Il détaille ensuite les différentes fonctions, de celle du gardien de la paix, qui s’est substitué en 1870, à l’impopulaire sergent de ville du Second Empire, à celles des différents directeurs. Si certains agents formaient les brigades d’arrondissement, d’autres composaient les compagnies de réserve, « peuplées de géants » (p. 216) et spécialisées dans le maintien d’un ordre qu’elles rétablissaient sans douceur.
La plupart de ces policiers étaient d’anciens militaires engagés, souvent des sous-officiers, ce qui faisait écrire au docteur Edmond Locard, le véritable inventeur de la police scientifique :
Un homme qui, pendant dix ans de sa vie, a eu pour devise « Ne rien faire, s’en f… et rendre compte » doit rester où il est et ne pas encombrer une carrière où il faut avant tout de l’initiative, de l’audace et de la décision. (p. 224)
L’on appréciera les biographies des principaux acteurs (et auteurs) policiers de l’ouvrage.
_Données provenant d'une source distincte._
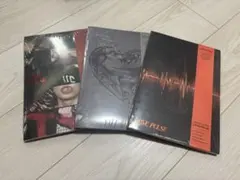 Item thumbnail for item 5da67858-fb2d-40c8-a2de-980f6da15563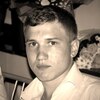 Евгений, 26, г.Боголюбово Евгений, 26, г.Боголюбово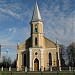 St. Dmytro Kirche
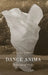 Dance Anima: Techniques of Vitality by Hilary Bergen
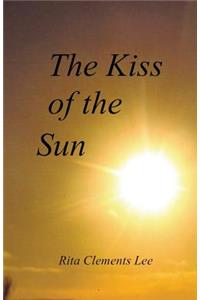 Kiss of the Sun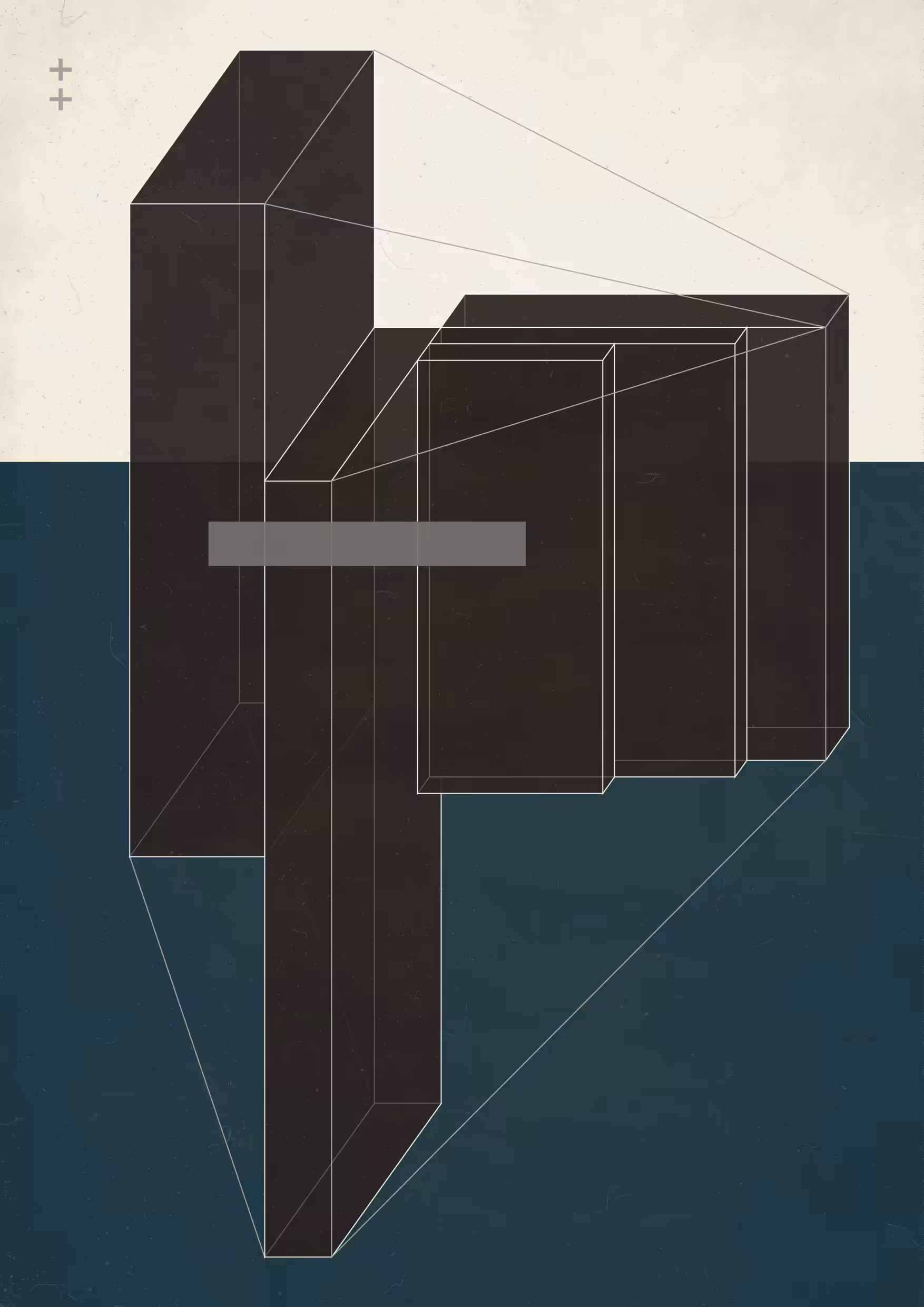 Integration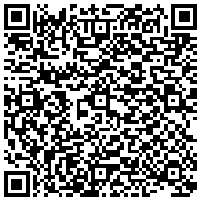 QR Code for bitcoin:bitcoin:bitcoin:bitcoin:bitcoin:bitcoin:bitcoin:bitcoin:bitcoin:bitcoin:bitcoin:bitcoin:bitcoin:bitcoin:bitcoin:bitcoin:dash:Xwv7EQLbG3AVpKcmXPLi538iqWNGSTubsT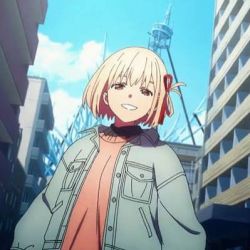 عکس تو پسری یا دختر؟:?ʏᴏᴜ ᴀʀᴇ ʙᴏʏ ᴏʀ ɢɪʀʟ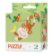 Dodo Puzzle Opička 16 dílků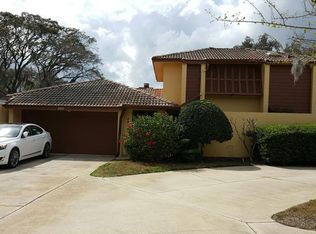 4910 Samoa Cir, Orlando, FL 32808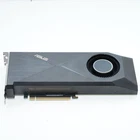 ASUS TURBO GeForce RTX 3070 V2 8GB Blower Edition   Includes Warranty 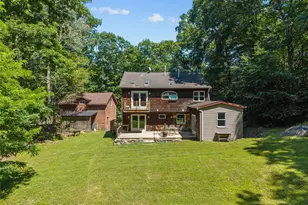 176 Tibet Dr, Carmel, NY 10512 - Photo 41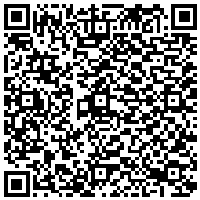 QR Code for bitcoin:bitcoin:bitcoin:bitcoin:bitcoin:bitcoin:bitcoin:bitcoin:bitcoin:bitcoin:bitcoin:bitcoin:bitcoin:bitcoin:bitcoin:bitcoin:dash:Xfbopx6LLWHqoL5LceNSK2Py9yMctqPyTf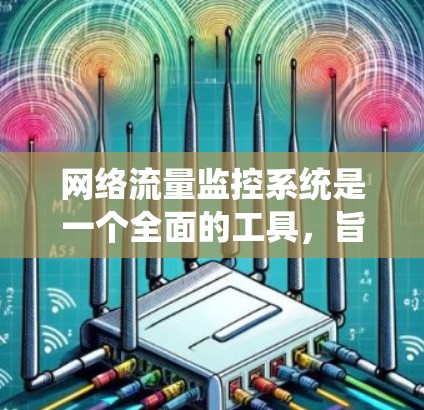 网络流量监控系统是一个全面的工具，旨在监控和分析网络流量，以优化网络性能并预防潜在问题。以下是详细的步骤和总结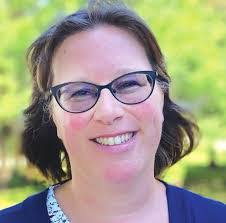 Karen Plank's Instagram, Twitter & Facebook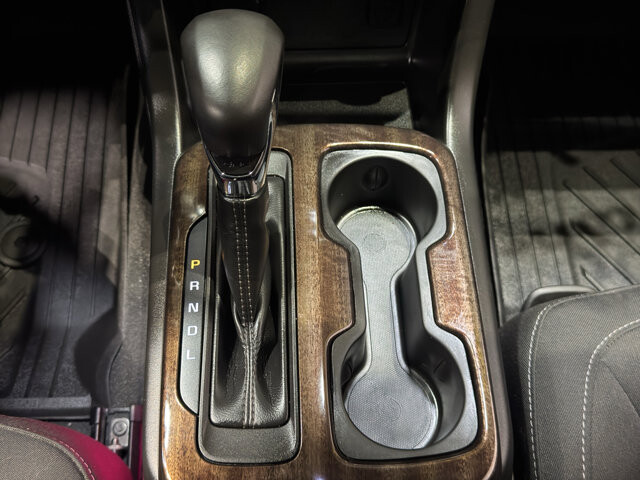 2022 GMC Canyon in Burlington, WI 53105 - 18116869 30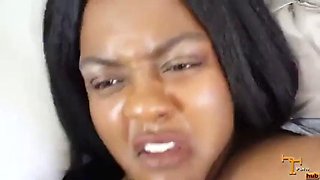 Pussy: Blowjob, Doggy  Chaturbate Porn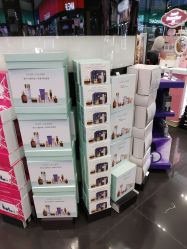 -丝芙兰Sephora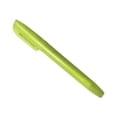 thumbnail image 1 of Zmeidao Cute Highlighter Pens Mild Assorted Colors Dry Fast Easy to Hold for Planner Notes Office Supplies, 1 of 6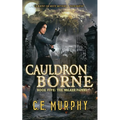 Cauldron Borne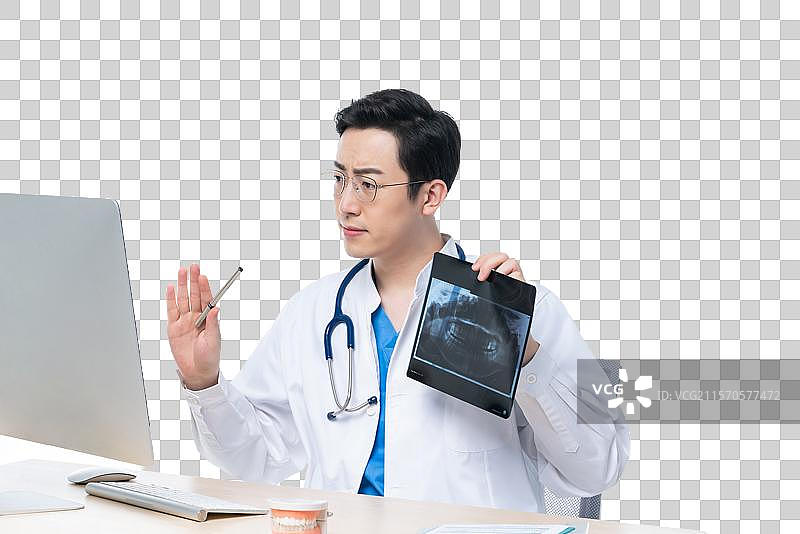 医生图片素材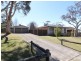 47 Hay Street, Lawson NSW 2783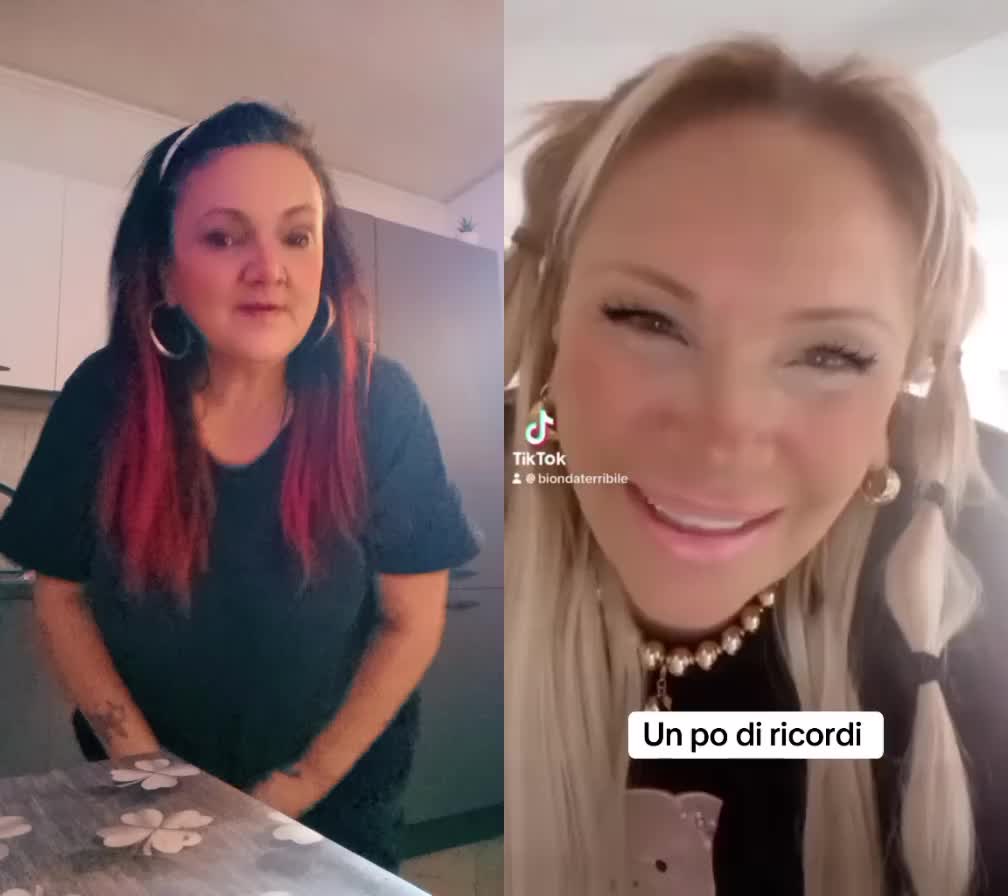 @rita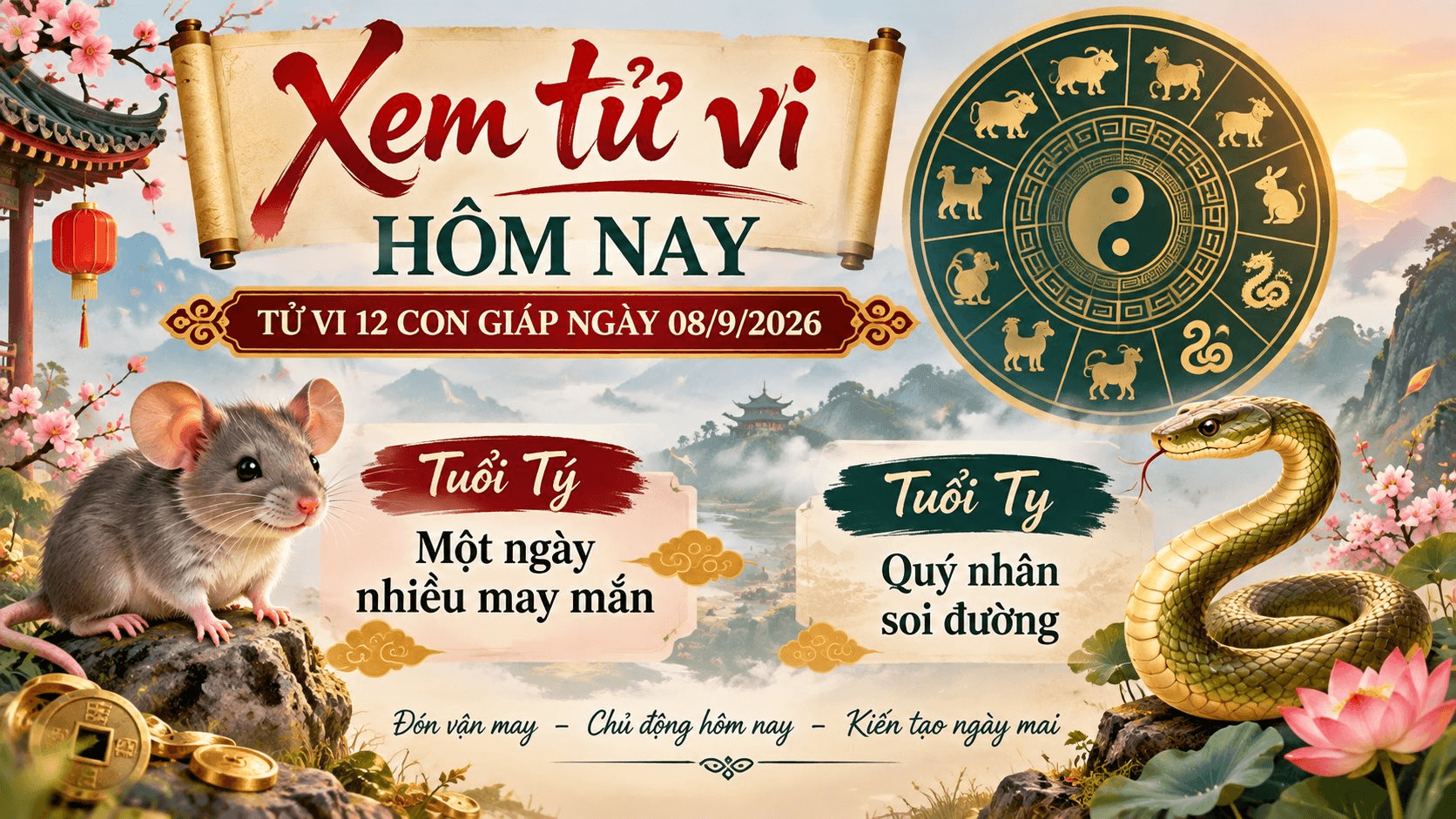 tu-vi.png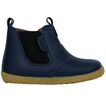 Bobux StepUp Jodhpur Boot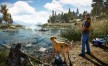 View a larger version of Joc Far Cry 5 Gold Edition EU Uplay PC pentru Uplay 11/6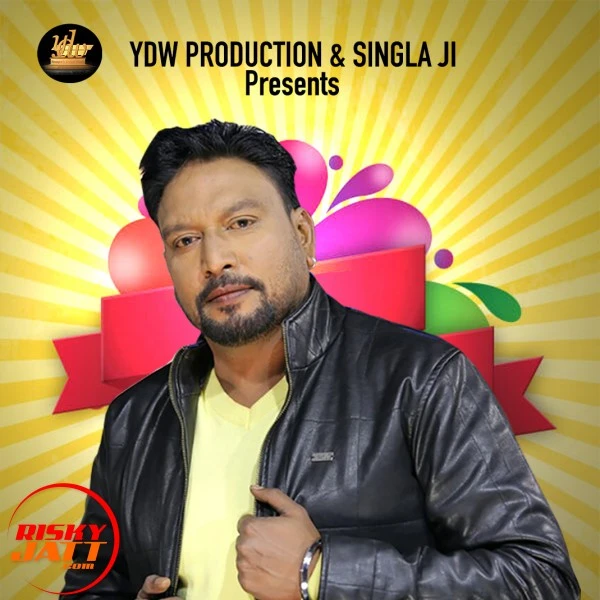 Download Katal Honge Parminder Perm mp3 song
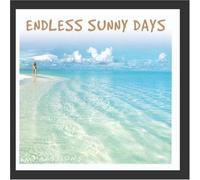 Endless Sunny Days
Le préfet Louis Lépine, « monomaniaque de l’ordre » (p. 171), n’a plus aucun secret pour nous, grâce notamment à l’ouvrage que Jean-Marc Berlière lui avait consacré [1], et Alphonse Bertillon, chef du service de l’Identité judiciaire de la préfecture de police et inventeur de l’anthropométrie, qui s’est essayé sans grande rigueur à la graphologie, ne nous est pas inconnu.
Moins connus et d’autant plus intéressantes sont les autres figures. Louis Puibaraud, auteur de chroniques consacrées à la préfecture de police dans Le Temps, alors le quotidien de référence, et directeur général des recherches, la police politique de la préfecture de police, promoteur sans beaucoup de succès d’une réforme de cette dernière, républicain convaincu et actif, fut pour cela la bête noire des monarchistes, des anarchistes, des antisémites et de quelques-uns de ses collègues.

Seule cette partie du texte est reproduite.